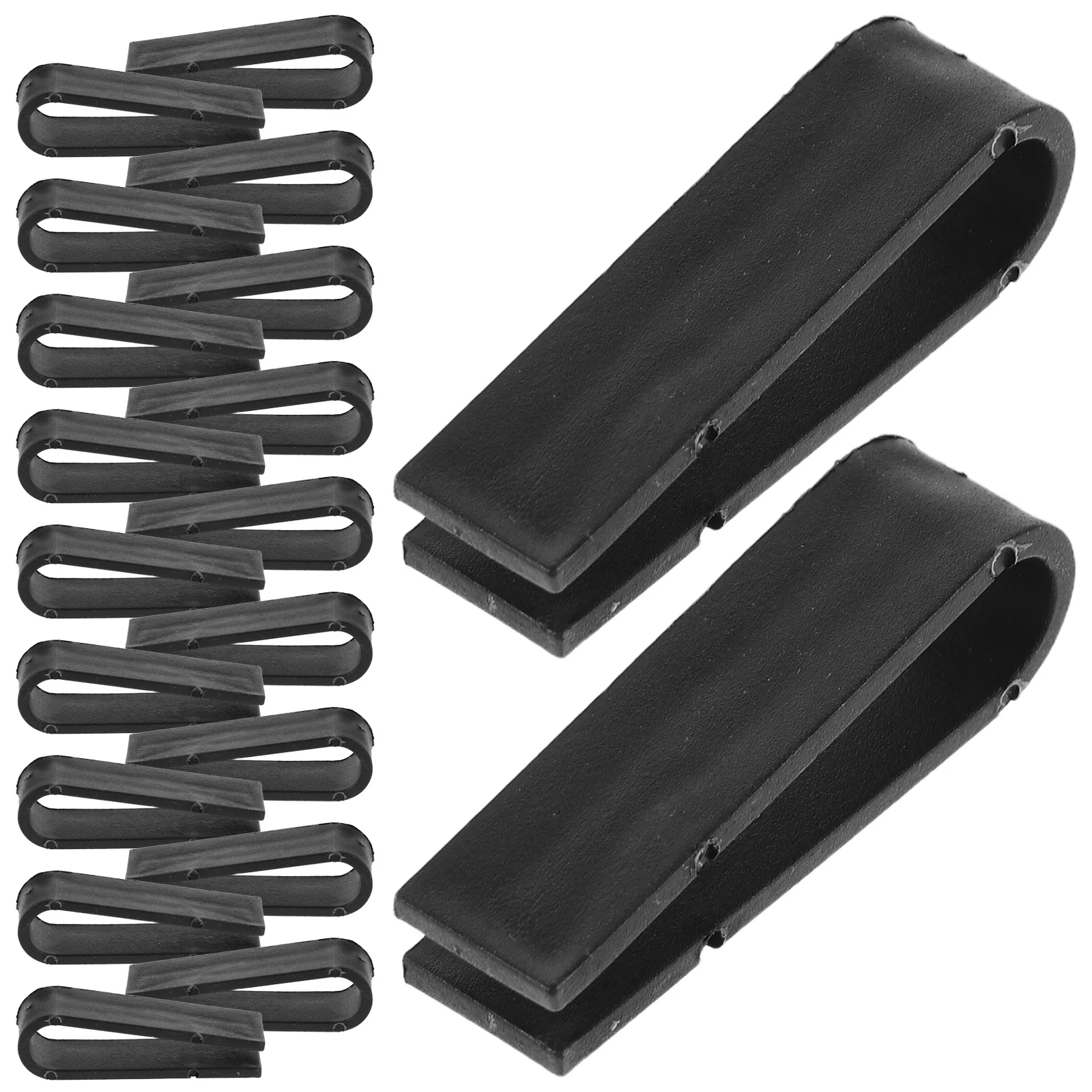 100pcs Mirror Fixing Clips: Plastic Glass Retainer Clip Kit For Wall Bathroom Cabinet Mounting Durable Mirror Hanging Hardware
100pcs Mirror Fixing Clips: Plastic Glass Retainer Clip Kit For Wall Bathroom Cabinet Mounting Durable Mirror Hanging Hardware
--
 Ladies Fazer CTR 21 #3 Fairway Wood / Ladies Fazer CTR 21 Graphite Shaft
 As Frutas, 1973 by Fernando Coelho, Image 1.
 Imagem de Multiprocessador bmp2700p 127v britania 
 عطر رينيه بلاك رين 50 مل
==
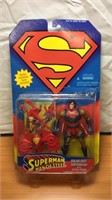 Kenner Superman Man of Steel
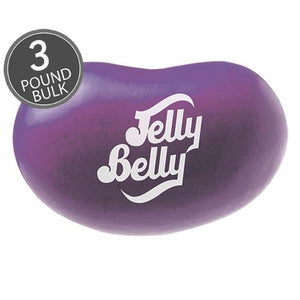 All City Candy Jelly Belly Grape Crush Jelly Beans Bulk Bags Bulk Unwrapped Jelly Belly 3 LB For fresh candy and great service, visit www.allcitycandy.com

**ASSIGNMENT:**
Everything above from the line containing "Kenner Superman Man of Steel" down to the line containing "All City Candy" is to be duplicated exactly, both lines included, and the pictures are to be omitted.

**ANSWER TO THE EXERCISE:**
 Kenner Superman Man of Steel
 All City Candy Jelly Belly Grape Crush Jelly Beans Bulk Bags Bulk Unwrapped Jelly Belly 3 LB For fresh candy and great service, visit www.allcitycandy.com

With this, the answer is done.